Down through the clouds - without an instrument approach

My trip from Craig Airport (KCRG) to the Tampa North Aeropark (X39) on Christmas Eve, started with a hitch and got more complicated as the flight neared completion. The aircraft was far from ready when I arrived at the airport. It had been flown two days earlier for 3.5 hours and was left without refueling. When I arrived at the airport, only a skeleton crew was available and they were focused on repairing both of the air charter jets that were down for unscheduled maintenance.

The engine gave me fits trying to start, which is surprising for a fuel injected aircraft. Finally, I got it started and taxied over to the fuel depot for refueling. The end result was a departure that was about 40 minutes behind schedule.

The weather at Craig was clear with few clouds. But prior to departure, I checked the METARs for Brooksville, Vandenburg and Tampa International to get some idea what the weather was like at Tampa North. Nothing looked promising. Brooksville was reporting 900 feet and overcast, Tampa was 1400 and Vandenburg was about the same. The past few hours of METARs showed increases in the ceiling and that was promising and the TAFs suggested there would be some clearing later in the day, so I expected that we'd eventually be able to land.

I picked up my IFR clearance and ran through the runup. The winds favored runway 32 for departure and I picked up my clearance and a departure heading of 280. The tower handed me off to JAX approach who cleared me to 5000 feet and cleared me direct to OCF once I had passed 2000 feet.

Headwinds slowed our progress somewhat, but it wasn't too bad. About 20 minutes into the flight, I came upon a solid white layer of clouds below me that reached up to envelope the aircraft from time to time. Using the NEXRAD capabilities of the G1000, I kept tabs on the nearby airports as I flew along. The situation had not improved much.

Closer to the destination, the clouds near our altitude thinned out only to reveal a solid layer further below. South of Ocala, ATC dropped me down to 2000 feet and that put me in and out of clouds. Tampa Approach asked me for my flight conditions and I had to tell him that I was in and out of IMC.

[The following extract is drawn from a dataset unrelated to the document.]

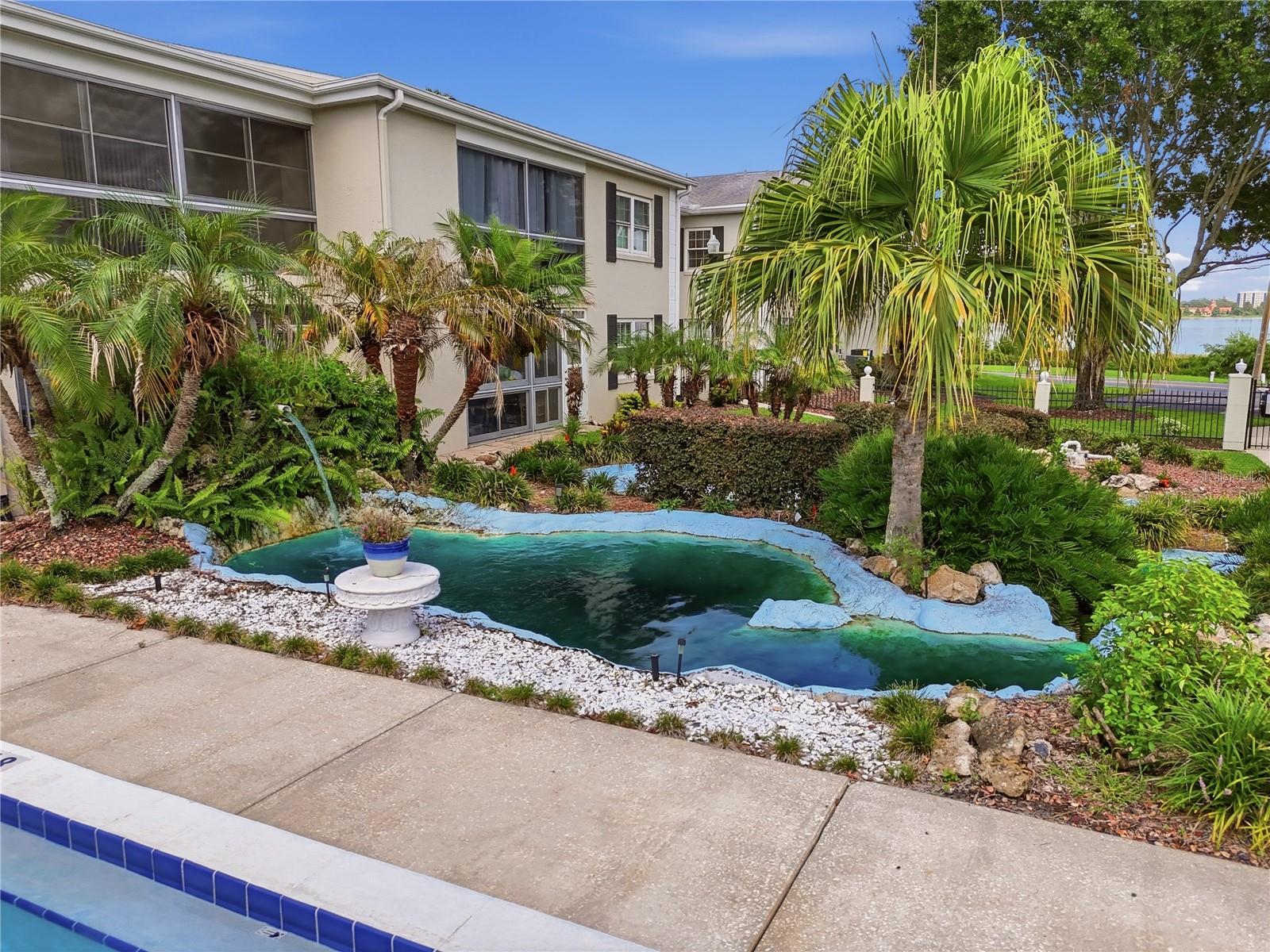 689 Lake Howard Unit 213, Winter Haven, FL 33880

ATC then said, "November one-victor-alpha, cleared direct Xray-three-niner, if you aren't already direct". A few minutes later, I received clearance to descend to 1600, then minimum altitude that the controller could give me. Unfortunately, I was still in the clouds and there was no instrument approach into this airport.

The controller asked me for the conditions, and this time I told him that I was getting glimpses of the ground, but I had zero forward visibility. He asked me what I would like to do if I can't see the airport when I arrive and I replied, "I'll divert to Crystal River, Charlie-Golf-Charlie". There is a single, non-precision approach to Crystal River, but more importantly, that's just a few miles from my Dad's house and if he handn't already left for my sister's house, I could catch a ride with him.

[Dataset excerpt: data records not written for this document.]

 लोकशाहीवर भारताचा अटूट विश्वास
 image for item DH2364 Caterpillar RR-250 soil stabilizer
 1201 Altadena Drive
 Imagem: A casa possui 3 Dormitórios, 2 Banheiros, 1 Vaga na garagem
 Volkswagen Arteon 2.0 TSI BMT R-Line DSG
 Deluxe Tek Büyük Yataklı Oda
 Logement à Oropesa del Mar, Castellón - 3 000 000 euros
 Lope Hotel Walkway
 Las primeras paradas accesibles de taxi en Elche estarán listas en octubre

A few minutes later, the controller asked me if he could make a suggestion. I told him that I would love to hear any suggestion that he might have. His idea he had really surprised me - it was a great idea and definitely not something that was ever taught in flight training.

The controller suggested that I fly the ILS to Vandenburg, but once I was safely below the cloud layer, I could go missed, cancel IFR and fly VFR back to Tampa North. He could not legally give me an altitude below 1600 feet on and IFR plan, and I couldn't cancel IFR when I was still in the clouds, so the key was to find a legal way to get below the clouds. With the ceiling at 1600 feet and 1600 feet being the minimum altitude, we had a challenge that the controller found a very creative way of overcoming.

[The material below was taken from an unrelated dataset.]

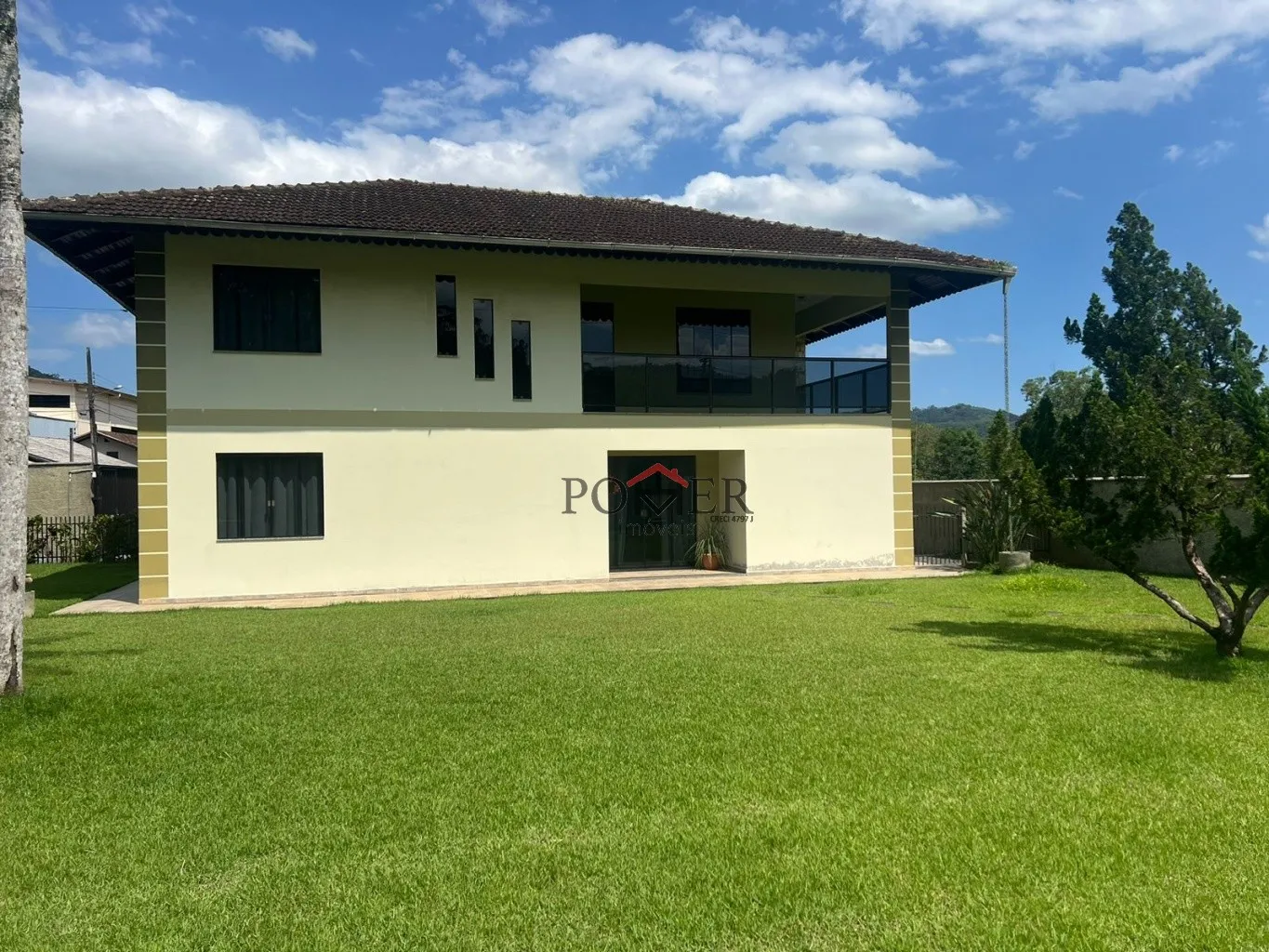 Belissima Casa no Bairro Testo Alto com 414,00m de construção, edificado num terreno com 1.650,60m. — foto 3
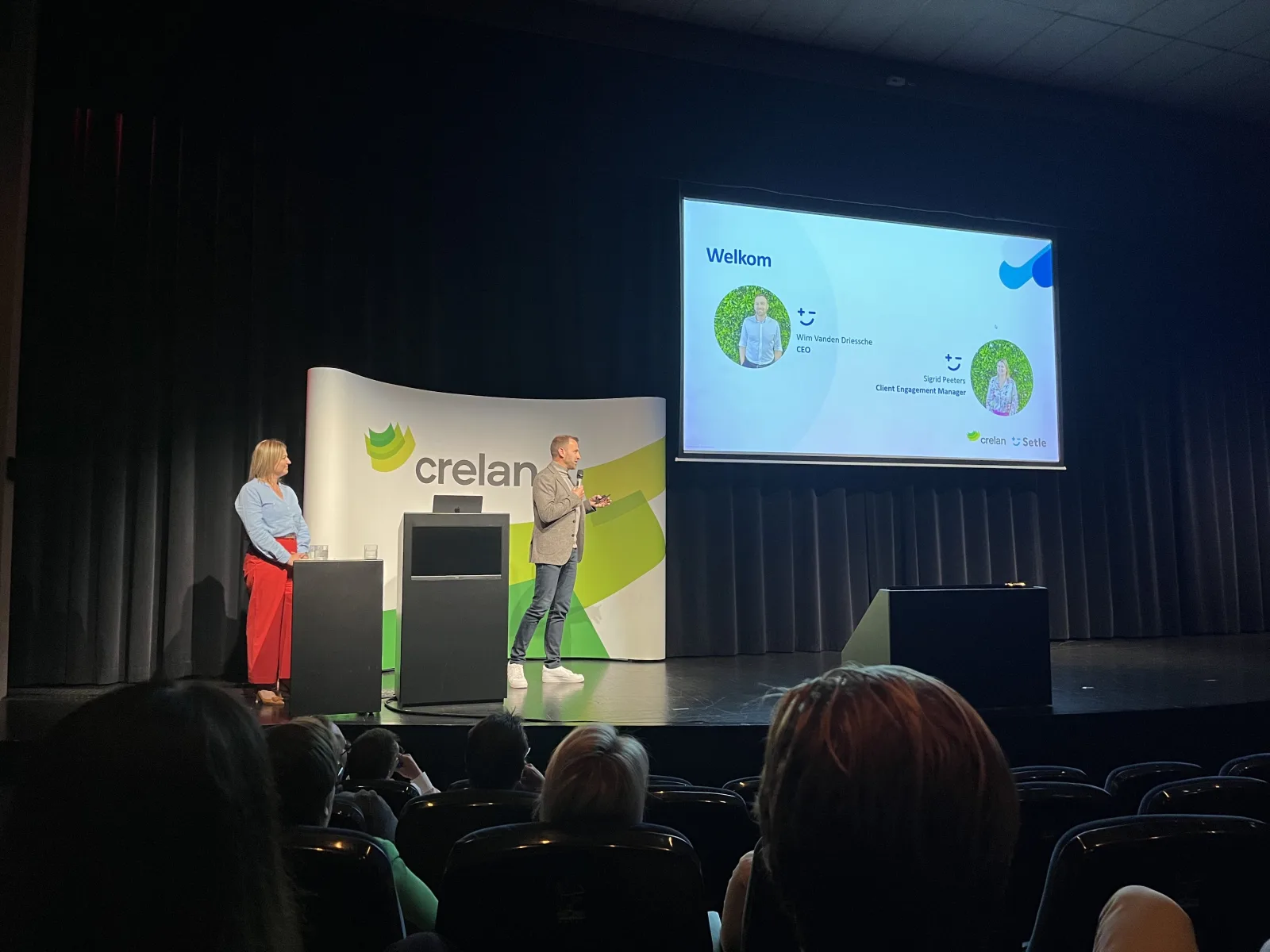 Sigrid Peeters en Wim Vanden Driessche op het podium tijdens een Crelan-event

I could legally decend below the clouds on the Vandenburg approach and since the ceiling was at 1600 feet, I could legally fly at 1100 feet - still 500 feet below the clouds and over 1000 feet above obstacles on the ground.

As I flew along, I reduced speed to 85 knots to give myself lots of time to spot the airport. ATC called me to say that they were showing me at 1700 feet - but my altimeter showed 1640. I dropped down to 1560 to take advantage of the apparent fudge factor. But, the greatest advantage I had was the GPS.

The GPS took me directly over the airport and just as I passed the airport, ATC told me that I was passing it and asked me what I wanted to do. I had just spotted the airport's new hangers as I flew over, so I immediately told ATC that I had the airport in sight, was dropping lower and canceled IFR.

I dropped the 500 feet to pattern altitude very quickly made a quick pass to see if I could spot a wind sock, then lined up for the downwind for 32. I never spotted the sock, but the winds at Brooksville would have favored runway 32, so I assumed that this was the case. Crossing the fence, my engine was pulled to idle, but there was about an 8 to 10 knot tailwind, so I sailed along wasting runway as I finally greased the landing.

This was a unique flight in that I learned a new trick from the air traffic controller. The flight took about 1.6 hours with .6 of that in solid and challenging IMC...all cross country.